How to Migrate Sourcegraph from one cluster to another.

The instructions in this document will guide you on the steps you need to take to migrate your Sourcegraph deployment from one Cluster to another. This is a process that involves the backing up of the Sourcegraph database by generating dumps and restoring the dumps in the newly deployed Sourcegraph instance on another cluster.

WARNING: Only core data will be backed up.

These instructions will only back up core data including user accounts, configuration, repository-metadata, etc. Other data will be regenerated automatically:

  • Repositories will be re-cloned
  • Search indexes will be rebuilt from scratch

The above may take a while if you have a lot of repositories. In the meantime, searches may be slow or return incomplete results. This process rarely takes longer than 6 hours and is usually much faster.

CAUTION: Backup and Restore must be done on Sourcegraph instances that are on the same version

  • For example, if the Sourcegraph instance you take the database dump from is on v3.34.2 then the new instance must also be on v3.34.2.

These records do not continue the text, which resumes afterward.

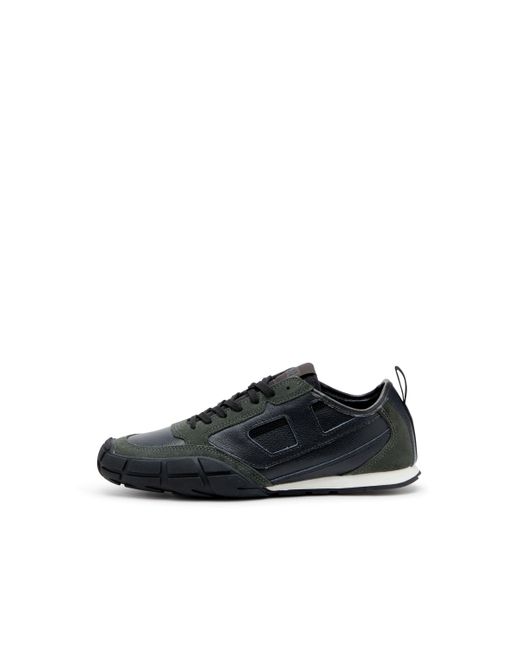 メンズ DIESEL スニーカー Black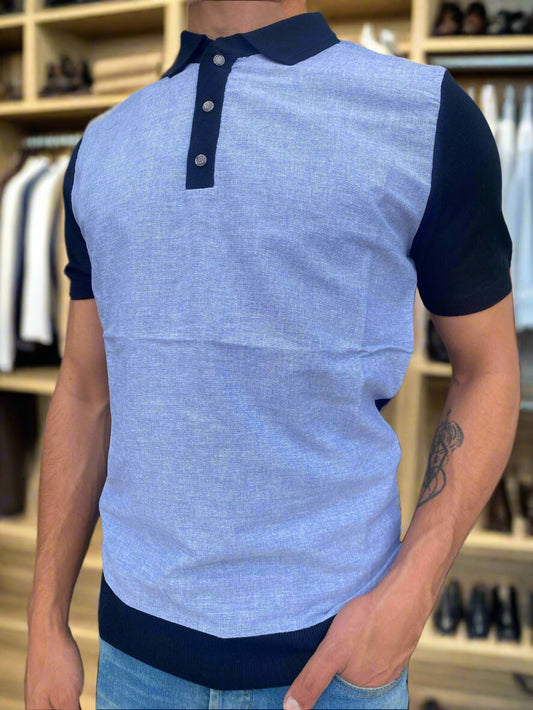 Polo Neck T-Shirt (Konko)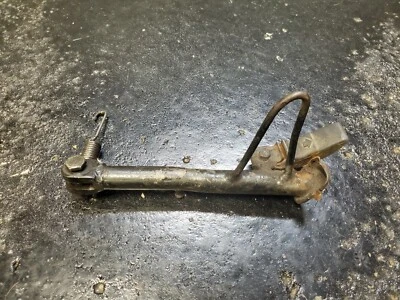 Honda CB400T CB 400 T 1978 doble soporte lateral original reposapiés completo Foto 1 de 4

NOTE: In some places you will see $NAMESPACE used. Add -n $NAMESPACE to commands if you are not using the default namespace More kubectl configuration options can be found here: kubectl Cheat Sheet

Overview

  1. Backup Sourcegraph databases in the old cluster by generating dumps
  2. Restore the Dumps in the freshly deployed instance on another cluster.

Steps to backup Sourcegraph Databases

In this section of the tutorial, you would learn how to back up the primary sourcegraph database and the codeintel database.

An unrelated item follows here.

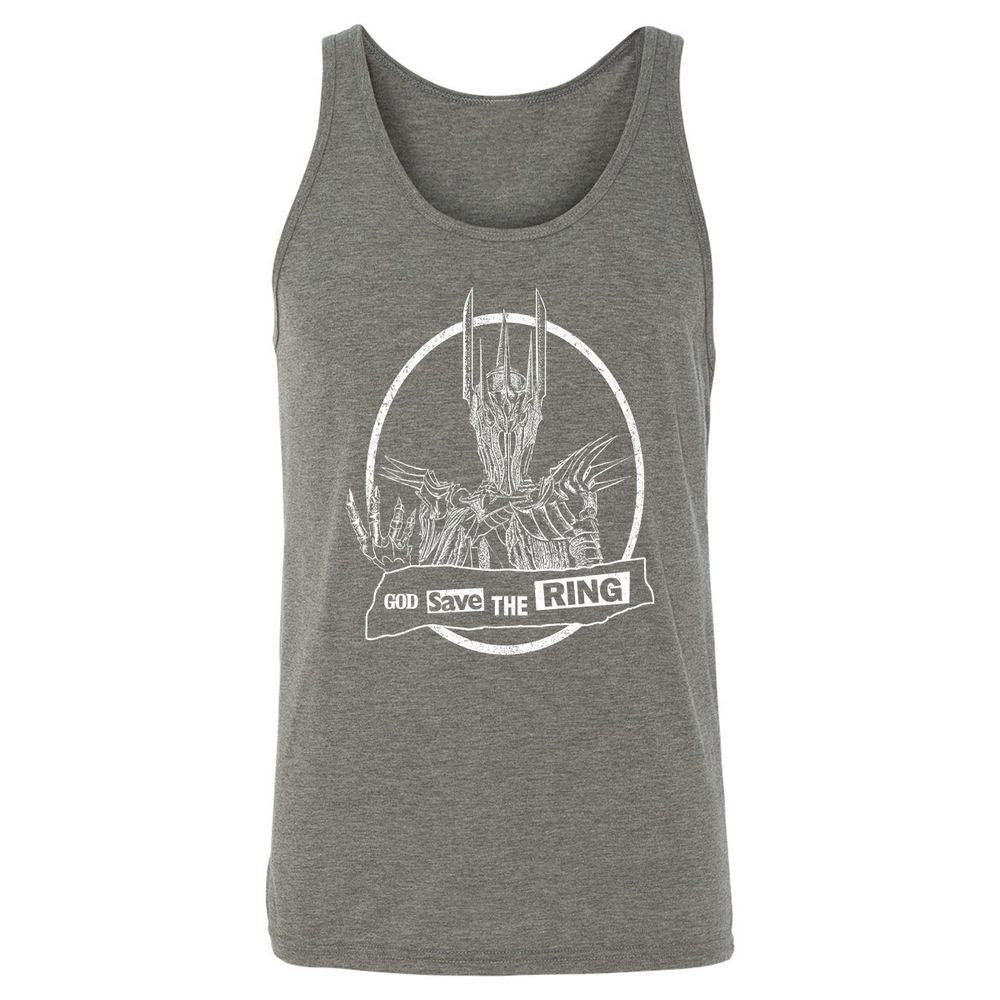Unisex Jersey Tank - 59VEP91Q - Grey Triblend - 8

  • Verify that the deployment is running.

    kubectl get pods -A

  • Stop all connections to the database by removing the frontend deployment.

    kubectl scale --replicas=0 deployment/sourcegraph-frontend

  • Generate the database dumps.

    • Dumps for the primary sourcegraph DB kubectl exec -it $pgsql_POD_NAME -- bash -c 'pg_dump -C --username sg sg' > sourcegraph_db.out

    • Dumps for the codeintel DB kubectl exec -it $codeintel-db_POD_NAME -- bash -c 'pg_dump -C --username sg sg' > codeintel_db.out

  • Ensure you copy/move the sourcegraph_db.out and codeintel_db.out files to the root of the deploy-sourcegraph directory of the new Sourcegraph deployment.

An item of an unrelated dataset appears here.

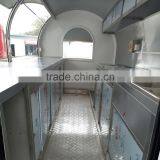 Food Carts for Sale/mobile Coffee Cart CE thumbnail-4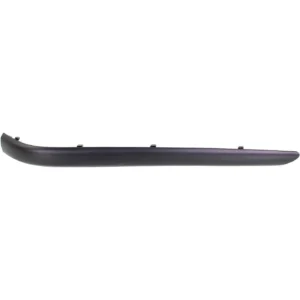 BMW 3 Series Sedan Bumper Molding Rear Passenger Side 2002-2005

    These files are sensitive and should be stored/transported securely.

Steps to restore Sourcegraph Databases into a new environment

In this section of the tutorial, you would learn how to restore the primary sourcegraph database and the codeintel database from the generated dumps in the previous section.

  • Before restoring on the new deployment, It is very important you stop all connections to the Database from the frontend.

    • Scale down all the pods in the deployment
      
      kubectl scale deployment --all --replicas=0
    • Scale down all the statefulset
      
      kubectl scale sts --all --replicas=0
  • Then restart ONLY the pgsql and codeintel pods

    • Start the pgsql:
      
      kubectl scale deployment/pgsql --replicas=1
    • Start the codeintel-db:
      
      kubectl scale deployment/codeintel-db --replicas=1
  • Copy the database files into the pods by running the following command from the root of the deploy-sourcegraph directory

    kubectl cp sourcegraph_db.out $pgsql_POD_NAME:/tmp/sourcegraph_db.out

    kubectl cp codeintel_db.out $codeintel-db_POD_NAME:/tmp/codeintel_db.out

  • Exec into the pgsql pod and then the template1 database:

    kubectl exec -it <pgsql-pod-name> -- sh
    $ psql -U sg template1
    
  • Drop the sg database, recreate it, then exit the psql session (but still in the pod exec):

      # DROP DATABASE sg;
      # CREATE DATABASE sg;
      # \q
    

    Note: This is a process that we have to do to work around how Sourcegraph sets up the databases as at the time of writing this documentation. Our database pods automatically create the sg database on startup if it isn’t present. Our liveness probes also check for it which means it not being present can cause k8s to kill the pod.

  • Restore the database dump:


  $ psql -U sg -f /tmp/sourcegraph_db.out sg  // exec into the pgsql-pod and run this command
  $ psql -U sg -f /tmp/codeintel_db.out sg   // exec into codeintel_db-pod and run this command

  • Exec into the pgsql and run SELECT * FROM REPO LIMIT 5; to be sure the restoration was complete.

  • Run kubectl apply --recursive -f base/ to apply the changes.

  • Run kubectl get pods -o wide to make sure your pods are running again.

  • Start the remaining Sourcegraph services by following the steps in applying manifests.

Additional Information

  • Since your new deployment was running on a port before the restore, there is a probability that you might lose connection. Run sudo lsof -i -P | grep LISTEN to see the services using the port and kill the PID with kill -9 <PID_number>.

  • You can now port forward your k8s deployment to localhost or wherever your deployment is hosted. For example, kubectl port-forward svc/sourcegraph-frontend 3080:30080 (note you may need to add -n $NAMESPACE to the command).